Contributing to community in honor of Rev. Dr. Martin Luther King Jr.
Posted at 4:49 PM, Jan 17, 2022

AURORA — For some people, Martin Luther King, Jr. Day means a long weekend. For others, it is a chance to volunteer their time and serve the community.

The holiday is the only one designated as a national day of service, according to AmeriCorps. One of Rev. Dr. Martin Luther King Jr.'s nephews said memories of his uncle demonstrate the level of dedication the social rights activist embodied.

"He was constantly on the road, moving around the country. So, he was coming in off the road, and he sometimes would need a little nap and then he was headed back out," said Isaac Newton Farris Jr., recalling his uncle at family gatherings. "He was very fun to be around. My uncle used to like to make people laugh and play little practical jokes. And so, my memories are those, and riding my bike with him and such."

In Aurora, dozens of volunteers gathered to prepare hundreds of meals for people in need, in honor of Dr. King's passion for uplifting communities.

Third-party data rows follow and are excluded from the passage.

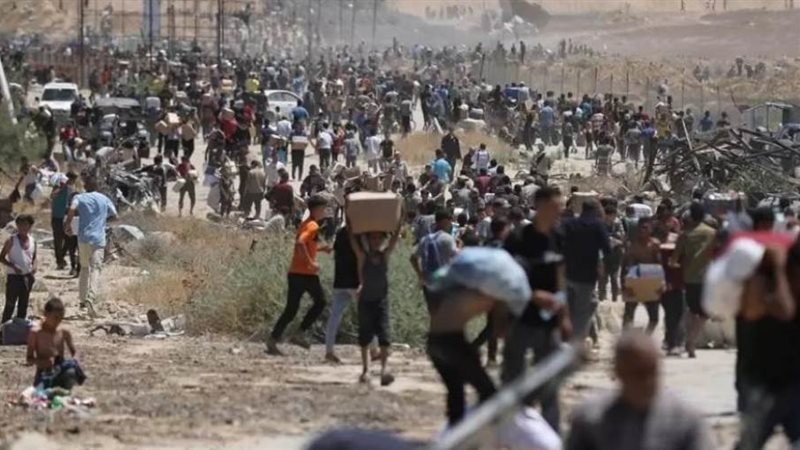 بوابة روز اليوسف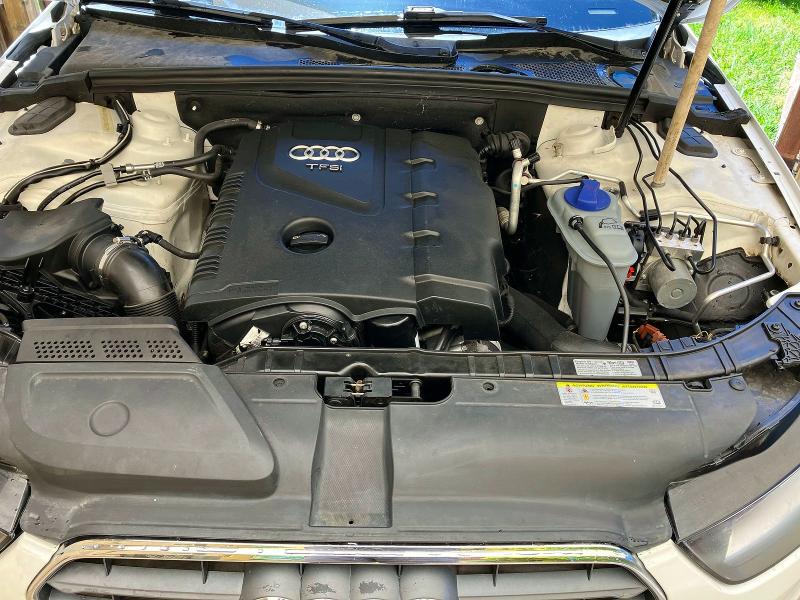 Aukcja sprzedaży 2013 Audi A4, vin: WAUAFAFL8DA196602, numer aukcji: 53982796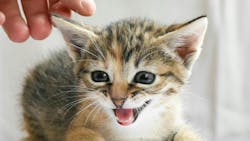 66a169fb75a19257a87e6984 Pexelsartemmakarov28967087613228211 66a169fb75a19257a87e6984 Pexelsartemmakarov28967087613228211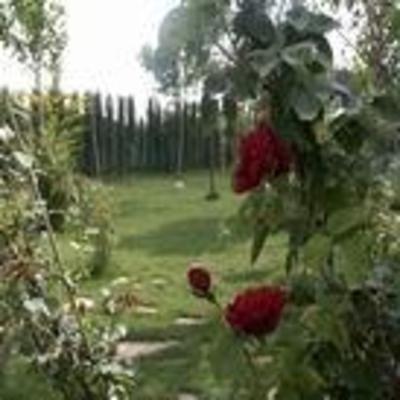 фото отеля Hotel Los Canas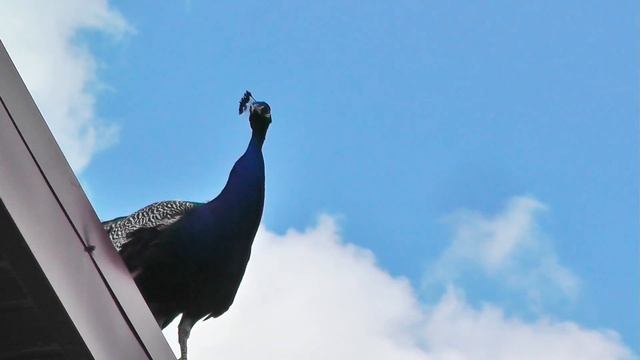 КЛАССНЫЙ ЗООПАРК В БЕРДЯНСКЕ - зоопарк Сафари смотреть онлайн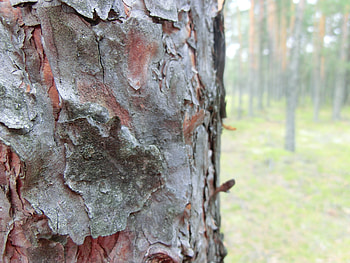 Tree trunk, blur, forest, trunk, tree HD wallpaper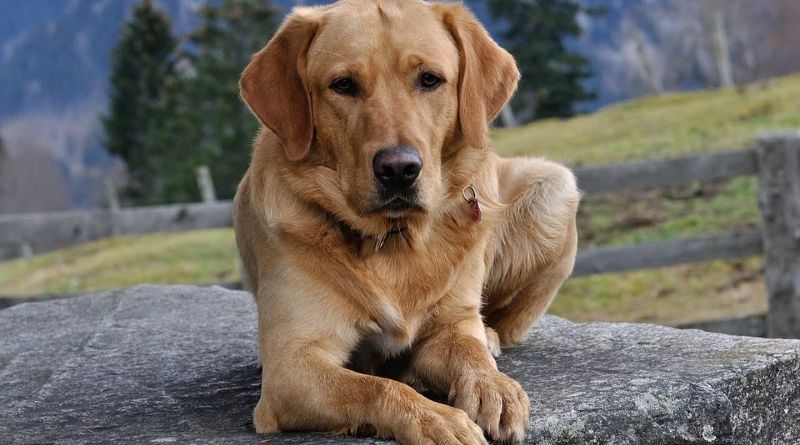 Aspectos Clave para Tener un Perro Feliz y Saludable en Cualquier Momento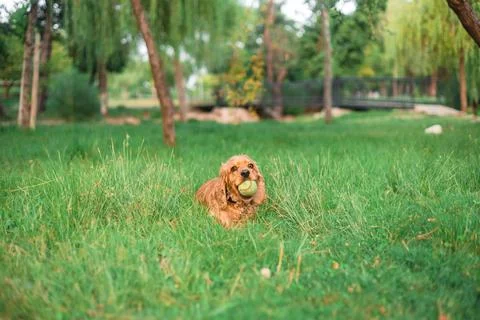 Cocker spaniel dog lying in the grass Stock Photos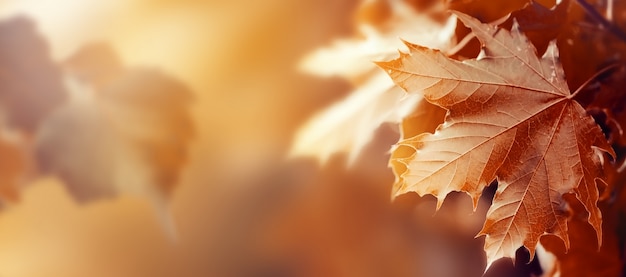 Belle feuille d&#39;automne sur l&#39;automne Fond rouge Ensoleillé Lumière du jour Tonification horizontale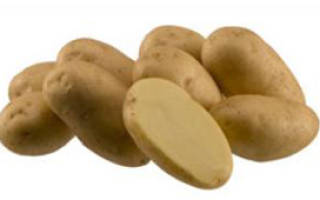 Высокоурожайное выращивание картофеля скачать бесплатно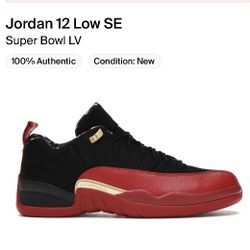 Jordan 12 Retro Low Super Bowl Size 7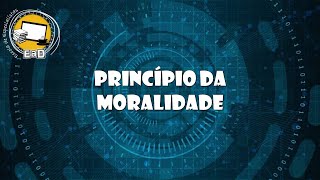 16  Princípio da Moralidade [upl. by Nakah]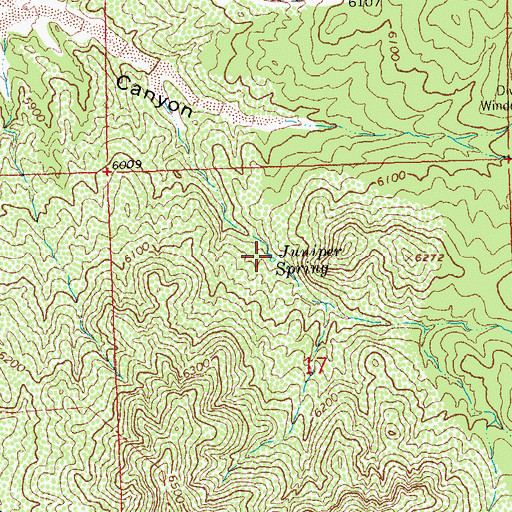 Topographic Map of Juniper Spring, NM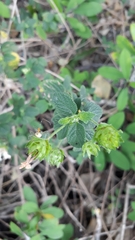 Lantana velutina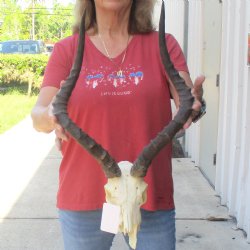 B-grade African impala skull with horns 21" for $85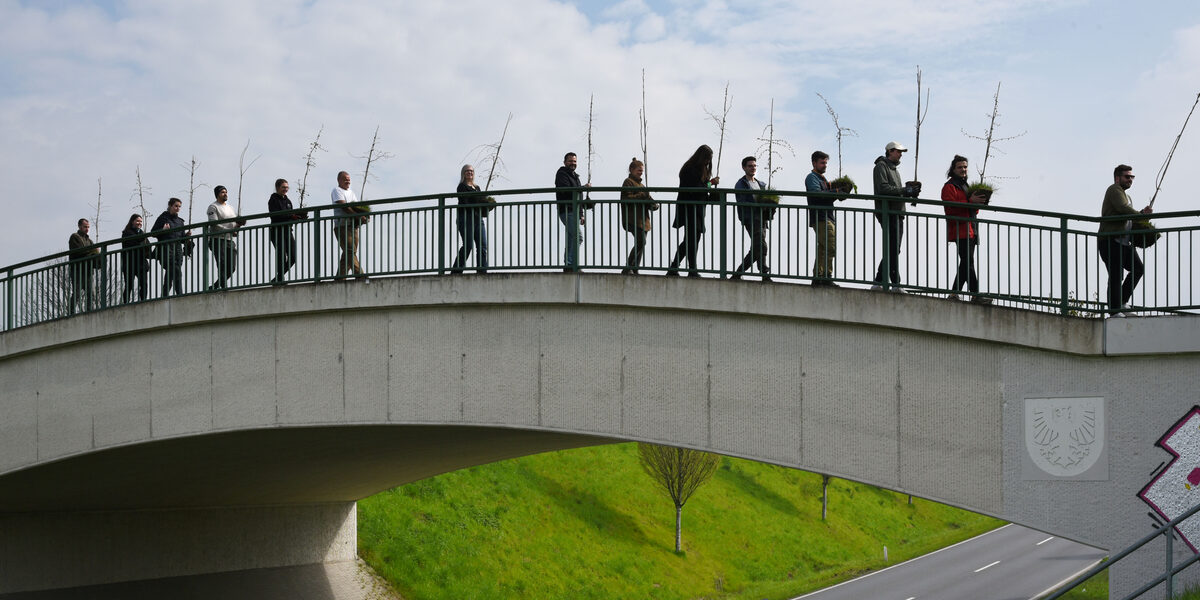 Several people walk one after the other across a pedestrian bridge, each holding a small plant.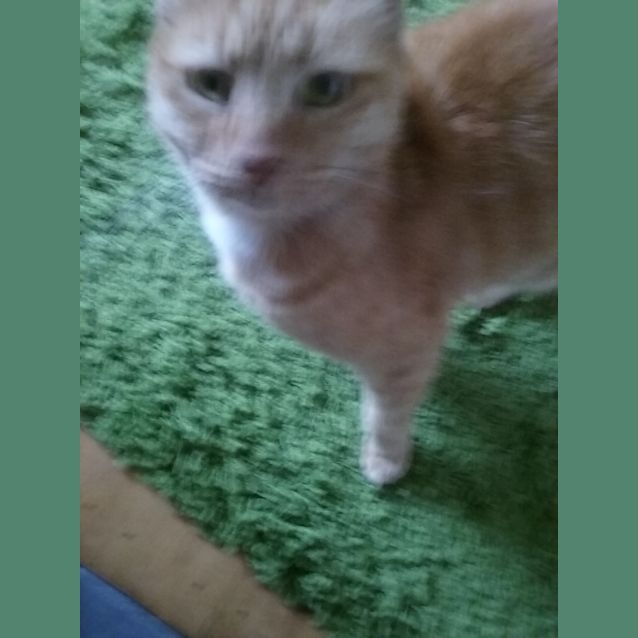 Photo of Sassy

“If you're off because it's a holiday, take that time to reflect. What does the holiday mean? What does it mean to you? And how do you want to represent that holiday?" said Regina Edmondson, owner and operator of CME Catering Services. “Food is a form of communication, and so when you're able to go out into the community and give food, you're communicating to everyone, 'We see you, we care about you, we love you, we're here for you.'”

Edmondson says her catering service partnered with Brother Jeff's Cultural Center to make the food donations possible. The meals were distributed throughout the Denver metro area to people who had filled out a form online describing their needs.

“Honestly, the thing that keeps going on in my mind is, 'This could be me. I could be on the other end of this,'" said Jason Lester, who volunteered his time Monday. “I'm contributing to something bigger than myself."

Many of the volunteers say this opportunity to give back is something Dr. King would have supported.

“This is what it's all about. This is what he would have wanted," said volunteer Stephen Walker. "It’s all about helping the other human being if you can.”

Those behind the service say this is the second year they have done this in Aurora. However, Brother Jeff's Cultural Center has hosted similar events in honor of Martin Luther King, Jr. Day since 1995.

Meanwhile, Rev. Dr. Martin Luther King Jr.'s family spent Monday promoting new federal laws that would make it easier for people across the country to vote.

“Your voice is heard, it is noted. And that’s why it is of the utmost importance that the Congress and our president, Democrats and Republicans, must find a way to restore the sanctity of our voting process in America," said Farris, Jr. "If we don’t, we’re in for a lot of hurt, hate, and violence."